I love poets, as much out of jealousy but also for the talent and the parallel universe they must live in. I would like to live there.
Cindi Reiss is a member of one of my writing groups-The Phoenix Writers Club. She is a poet. She shared with me the following pantoum, which is a form of poetry.
She offers the following description of this form. “The pantoum originated in Malaysia in the fifteenth-century as a short folk poem, typically made up of two rhyming couplets that were recited or sung. However, as the pantoum spread, and Western writers altered and adapted the form, the importance of rhyming and brevity diminished. The pantoum was especially popular with French and British writers in the nineteenth-century, including Charles Baudelaire and Victor Hugo, who is credited with introducing the form to European writers.
“The modern pantoum is a poem of any length, composed of four-line stanzas in which the second and fourth lines of each stanza serve as the first and third lines of the next stanza. The last line of a pantoum is often the same as the first.
The interweaving of repeated lines in a pantoum suits the poem particularly well to ruminations on the past, circling around a memory or a mystery to tease out implications and meanings.

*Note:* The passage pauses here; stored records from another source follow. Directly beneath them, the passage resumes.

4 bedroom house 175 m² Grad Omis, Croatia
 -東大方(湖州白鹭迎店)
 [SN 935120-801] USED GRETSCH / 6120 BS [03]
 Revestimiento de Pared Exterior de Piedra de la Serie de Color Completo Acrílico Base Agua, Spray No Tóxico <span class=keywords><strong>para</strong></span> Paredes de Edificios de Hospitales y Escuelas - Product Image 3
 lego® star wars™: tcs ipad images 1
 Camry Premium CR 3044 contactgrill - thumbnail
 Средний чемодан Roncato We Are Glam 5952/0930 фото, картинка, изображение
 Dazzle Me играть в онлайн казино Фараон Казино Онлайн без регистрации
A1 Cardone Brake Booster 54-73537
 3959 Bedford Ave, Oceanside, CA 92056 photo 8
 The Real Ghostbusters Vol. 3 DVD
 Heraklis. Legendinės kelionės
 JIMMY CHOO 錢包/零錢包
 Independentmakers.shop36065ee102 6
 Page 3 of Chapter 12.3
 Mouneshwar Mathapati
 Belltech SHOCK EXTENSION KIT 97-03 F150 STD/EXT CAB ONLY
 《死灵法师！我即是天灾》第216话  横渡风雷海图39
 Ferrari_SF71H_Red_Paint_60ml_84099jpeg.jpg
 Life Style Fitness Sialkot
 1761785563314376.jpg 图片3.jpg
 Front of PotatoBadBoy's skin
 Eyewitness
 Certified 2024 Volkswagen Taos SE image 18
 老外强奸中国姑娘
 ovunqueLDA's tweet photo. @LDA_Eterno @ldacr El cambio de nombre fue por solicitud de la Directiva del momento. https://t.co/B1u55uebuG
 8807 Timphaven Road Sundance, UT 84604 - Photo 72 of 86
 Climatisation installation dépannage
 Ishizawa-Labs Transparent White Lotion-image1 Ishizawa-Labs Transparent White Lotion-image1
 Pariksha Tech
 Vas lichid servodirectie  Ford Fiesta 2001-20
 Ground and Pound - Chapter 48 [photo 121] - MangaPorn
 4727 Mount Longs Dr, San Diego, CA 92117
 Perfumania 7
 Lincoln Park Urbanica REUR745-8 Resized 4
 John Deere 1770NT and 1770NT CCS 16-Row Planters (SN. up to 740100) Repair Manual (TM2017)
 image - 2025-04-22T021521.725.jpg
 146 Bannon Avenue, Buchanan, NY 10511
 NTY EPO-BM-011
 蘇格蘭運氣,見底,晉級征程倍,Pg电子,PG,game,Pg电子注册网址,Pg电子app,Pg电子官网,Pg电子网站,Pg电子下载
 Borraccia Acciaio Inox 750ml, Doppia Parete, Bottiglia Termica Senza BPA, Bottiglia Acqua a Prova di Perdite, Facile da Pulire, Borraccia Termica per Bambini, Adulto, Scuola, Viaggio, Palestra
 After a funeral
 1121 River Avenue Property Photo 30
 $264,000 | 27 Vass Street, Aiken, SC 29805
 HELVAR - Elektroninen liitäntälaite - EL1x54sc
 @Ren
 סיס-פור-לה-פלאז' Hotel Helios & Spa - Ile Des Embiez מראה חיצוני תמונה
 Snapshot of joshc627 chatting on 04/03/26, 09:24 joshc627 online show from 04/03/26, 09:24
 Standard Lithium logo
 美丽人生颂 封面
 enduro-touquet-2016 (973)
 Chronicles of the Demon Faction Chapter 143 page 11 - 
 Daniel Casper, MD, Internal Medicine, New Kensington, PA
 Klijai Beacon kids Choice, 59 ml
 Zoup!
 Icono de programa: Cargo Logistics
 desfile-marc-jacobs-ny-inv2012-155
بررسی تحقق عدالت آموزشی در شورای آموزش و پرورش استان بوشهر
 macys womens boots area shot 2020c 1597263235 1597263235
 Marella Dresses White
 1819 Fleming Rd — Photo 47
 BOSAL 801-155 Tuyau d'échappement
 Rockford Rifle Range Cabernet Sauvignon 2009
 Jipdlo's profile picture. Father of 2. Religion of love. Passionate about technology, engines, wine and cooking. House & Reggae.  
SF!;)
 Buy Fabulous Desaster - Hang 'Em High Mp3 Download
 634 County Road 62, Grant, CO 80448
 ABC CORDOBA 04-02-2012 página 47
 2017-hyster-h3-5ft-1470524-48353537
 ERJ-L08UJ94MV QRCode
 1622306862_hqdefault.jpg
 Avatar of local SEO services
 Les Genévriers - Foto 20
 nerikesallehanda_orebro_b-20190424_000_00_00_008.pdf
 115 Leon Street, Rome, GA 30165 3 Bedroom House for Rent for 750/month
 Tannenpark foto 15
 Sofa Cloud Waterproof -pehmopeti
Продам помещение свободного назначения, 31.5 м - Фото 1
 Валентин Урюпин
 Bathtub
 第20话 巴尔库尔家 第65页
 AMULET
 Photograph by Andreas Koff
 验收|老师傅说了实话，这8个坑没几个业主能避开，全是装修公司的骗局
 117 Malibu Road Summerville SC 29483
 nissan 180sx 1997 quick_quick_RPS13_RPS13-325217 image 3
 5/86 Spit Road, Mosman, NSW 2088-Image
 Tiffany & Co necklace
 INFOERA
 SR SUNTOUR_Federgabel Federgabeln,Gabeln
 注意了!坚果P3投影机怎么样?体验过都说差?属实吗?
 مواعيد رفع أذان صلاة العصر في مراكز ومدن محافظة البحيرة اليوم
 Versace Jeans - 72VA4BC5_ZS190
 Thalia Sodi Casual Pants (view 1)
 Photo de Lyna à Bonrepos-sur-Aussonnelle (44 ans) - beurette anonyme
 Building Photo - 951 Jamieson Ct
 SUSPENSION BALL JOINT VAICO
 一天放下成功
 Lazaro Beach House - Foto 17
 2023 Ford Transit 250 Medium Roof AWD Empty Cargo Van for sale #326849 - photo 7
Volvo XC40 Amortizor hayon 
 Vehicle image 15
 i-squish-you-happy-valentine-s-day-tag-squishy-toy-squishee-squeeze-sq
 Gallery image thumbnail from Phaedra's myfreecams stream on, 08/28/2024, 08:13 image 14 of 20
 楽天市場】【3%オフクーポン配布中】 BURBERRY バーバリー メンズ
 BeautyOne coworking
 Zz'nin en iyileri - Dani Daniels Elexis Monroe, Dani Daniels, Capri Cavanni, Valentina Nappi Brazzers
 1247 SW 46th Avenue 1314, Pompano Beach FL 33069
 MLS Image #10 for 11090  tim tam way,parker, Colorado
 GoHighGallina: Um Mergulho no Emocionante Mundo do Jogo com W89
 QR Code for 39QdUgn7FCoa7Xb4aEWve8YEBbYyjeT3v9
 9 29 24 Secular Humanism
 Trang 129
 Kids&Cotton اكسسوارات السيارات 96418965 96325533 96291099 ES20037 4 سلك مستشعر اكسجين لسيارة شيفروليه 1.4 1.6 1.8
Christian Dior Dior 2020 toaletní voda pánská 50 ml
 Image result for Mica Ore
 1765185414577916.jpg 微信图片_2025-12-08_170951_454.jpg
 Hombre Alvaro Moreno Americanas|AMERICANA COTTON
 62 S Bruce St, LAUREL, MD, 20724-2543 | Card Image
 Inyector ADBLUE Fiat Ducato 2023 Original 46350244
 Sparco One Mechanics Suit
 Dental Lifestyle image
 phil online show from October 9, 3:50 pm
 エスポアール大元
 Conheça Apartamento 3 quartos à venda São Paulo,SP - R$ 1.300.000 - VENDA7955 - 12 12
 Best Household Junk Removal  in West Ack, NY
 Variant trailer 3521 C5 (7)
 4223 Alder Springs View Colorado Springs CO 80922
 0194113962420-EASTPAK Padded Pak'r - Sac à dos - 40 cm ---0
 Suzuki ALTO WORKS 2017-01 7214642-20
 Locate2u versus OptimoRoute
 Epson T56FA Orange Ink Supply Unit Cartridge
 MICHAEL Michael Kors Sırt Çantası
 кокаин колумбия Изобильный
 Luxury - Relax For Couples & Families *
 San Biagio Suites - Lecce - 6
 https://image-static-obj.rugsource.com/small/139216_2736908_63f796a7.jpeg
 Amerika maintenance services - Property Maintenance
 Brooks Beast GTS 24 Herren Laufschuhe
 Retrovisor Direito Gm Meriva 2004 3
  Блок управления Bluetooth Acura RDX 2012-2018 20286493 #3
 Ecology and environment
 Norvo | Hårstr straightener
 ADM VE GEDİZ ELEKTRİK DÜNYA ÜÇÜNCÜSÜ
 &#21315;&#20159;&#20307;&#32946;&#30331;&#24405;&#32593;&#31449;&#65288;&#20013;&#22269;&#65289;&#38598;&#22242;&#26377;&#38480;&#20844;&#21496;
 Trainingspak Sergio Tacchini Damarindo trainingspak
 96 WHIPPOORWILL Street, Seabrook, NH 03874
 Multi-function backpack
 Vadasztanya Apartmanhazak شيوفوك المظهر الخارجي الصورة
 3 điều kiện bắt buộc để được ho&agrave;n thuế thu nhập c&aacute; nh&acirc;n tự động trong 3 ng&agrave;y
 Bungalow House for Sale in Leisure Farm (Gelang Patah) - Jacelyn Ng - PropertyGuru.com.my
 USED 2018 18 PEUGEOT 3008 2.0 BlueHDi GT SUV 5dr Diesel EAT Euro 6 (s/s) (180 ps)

The change in context that arises from the addition of two new lines in each stanza changes the significance of each repeated line on its second appearance.”
Keeping the Faith
1—I lost my faith, so embraced yours
2—I knew little about Jews, less about Judiasm.
3—I watched Ten Commandments to see your story
4—The Jazz Singer related to how I was perceived.
2—I knew little about Jews, less about Judiasm
5—Though my aunt cleaned for the ‘nice Jewish lady’ in Cherry Hill.
4—The Jazz Singer related to how I was perceived
6—an outsider looking for acceptance in unfamiliar territory.
5– Though my aunt cleaned for the ‘nice Jewish lady’ in Cherry Hill
7—You were the first Jew I came to know, a sabra finding his way in my country,
6– an outsider looking for acceptance in unfamiliar territory.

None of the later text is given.